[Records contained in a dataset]
◇ ◇ ◇ ◇

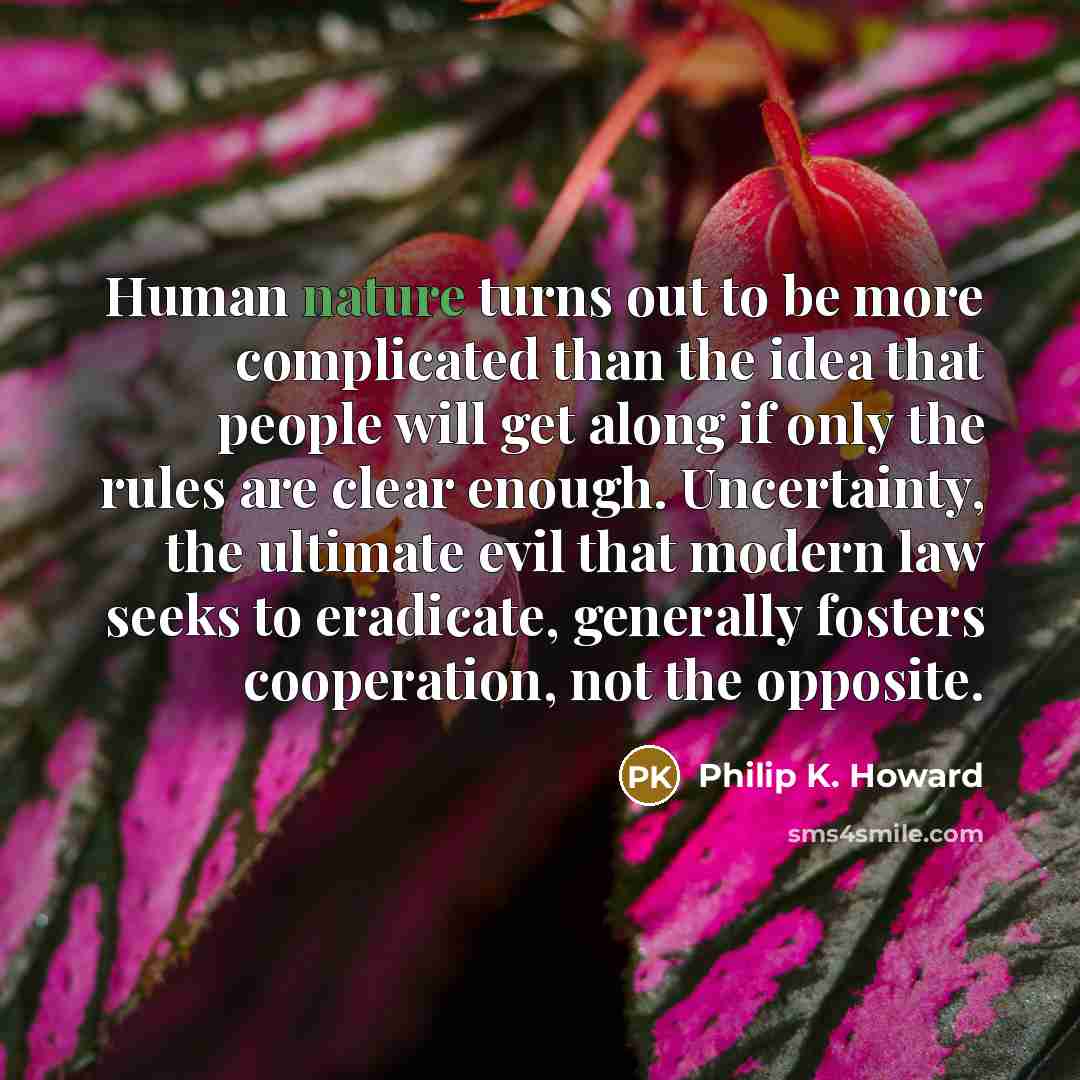 “Human nature turns out to be more complicated than the…” quote by Philip K. Howard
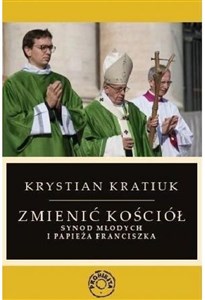 Picture of Zmienić Kościół Synod młodych i papieża Franciszka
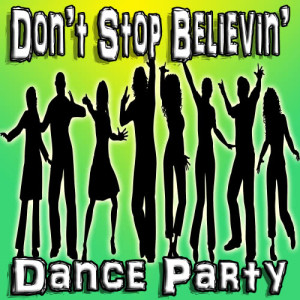 อัลบัม Don't Stop Believin' Dance Party ศิลปิน Dance Party Songs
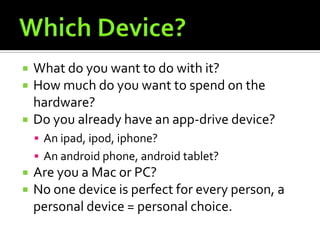    What do you want to do with it?
   How much do you want to spend on the
    hardware?
   Do you already have an app-drive device?
     An ipad, ipod, iphone?
     An android phone, android tablet?
   Are you a Mac or PC?
   No one device is perfect for every person, a
    personal device = personal choice.
 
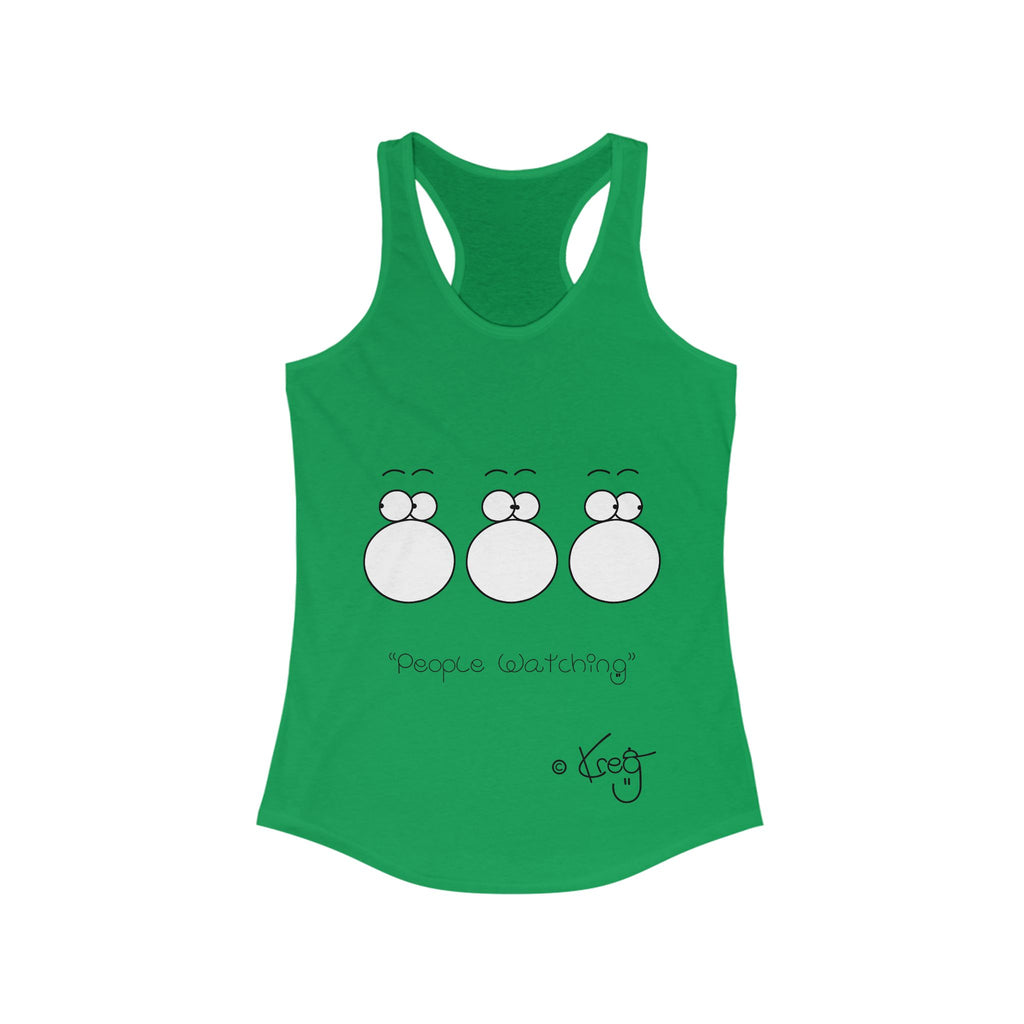 PEOPLE WATCHING,Women's Ideal Racerback Tank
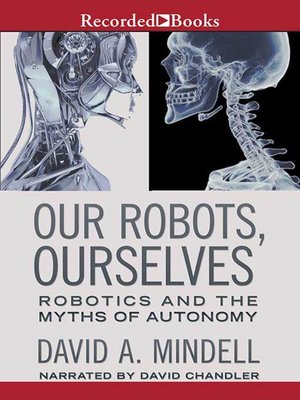 cover image of Our Robots, Ourselves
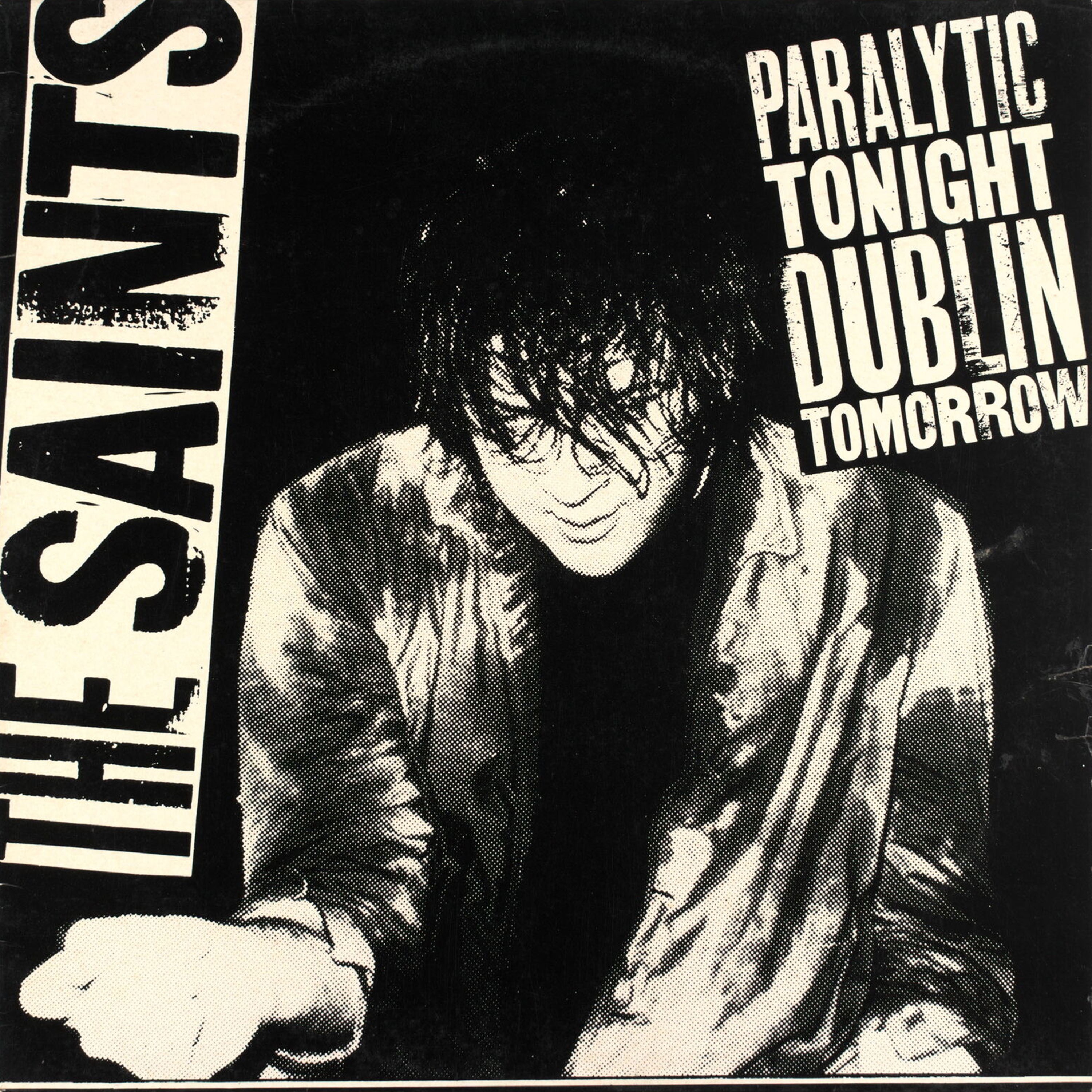 Paralytic Tonight Dublin Tomorrow - EP album cover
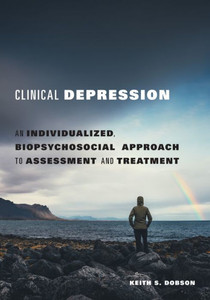 Clinical Depression: An Individualized, Biopsychosocial Approach to Assessment and Treatment Clinical Depression: An Individualized, Biopsychosocial Approach to Assessment and Treatment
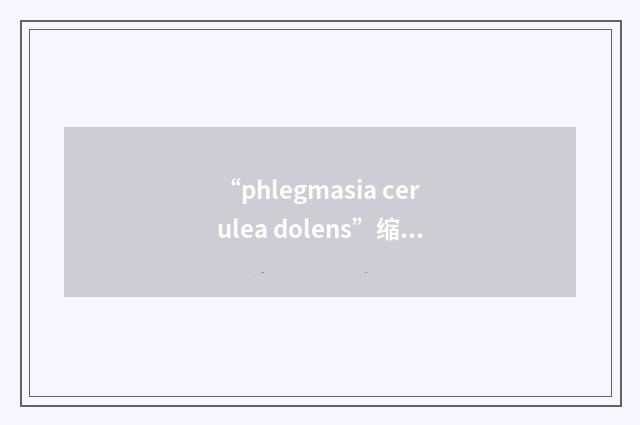 “phlegmasia cerulea dolens”缩略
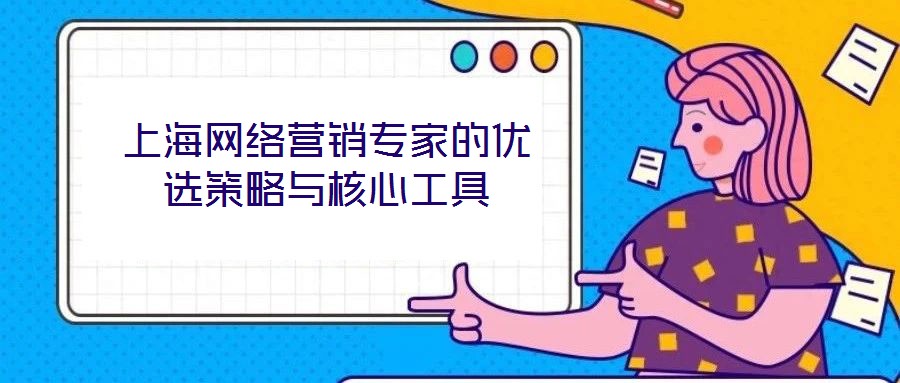 上海網絡營銷專家的優選策略與核心工具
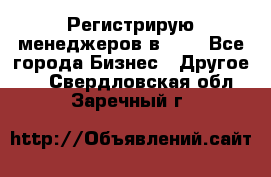 Регистрирую менеджеров в  NL - Все города Бизнес » Другое   . Свердловская обл.,Заречный г.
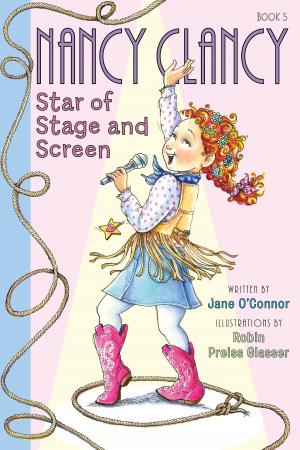 Cover of Fancy Nancy: Nancy Clancy, Star of Stage and Screen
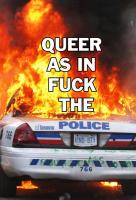 Queer as in Fuck the Police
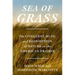 Sea of Grass: The Conquest, Ruin, and Redemption of Nature on the American Prairie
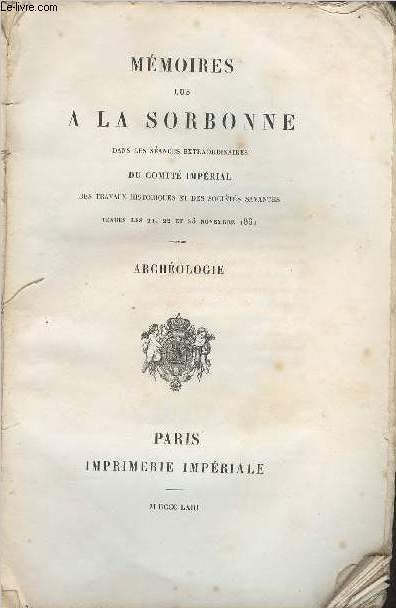 Mmoires lus  la Sorbonne dans les sances extraordinaires du Comit Imprial des Travaux historiques et des socits savantes tenues les 21, 22 et 23 novembre 1861 - Archologie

◇ ◇ ◇ ◇

[What to produce]
Only one stretch of the data is wanted: write out exactly the lines from the one holding "Picture of Zmienić" through the one holding "personal device = personal choice.", both included, without the pictures.

[Answer area]
 Picture of Zmienić Kościół Synod młodych i papieża Franciszka
 อัลบัม Don't Stop Believin' Dance Party ศิลปิน Dance Party Songs
    What do you want to do with it?
   How much do you want to spend on the
    hardware?
   Do you already have an app-drive device?
     An ipad, ipod, iphone?
     An android phone, android tablet?
   Are you a Mac or PC?
   No one device is perfect for every person, a
    personal device = personal choice.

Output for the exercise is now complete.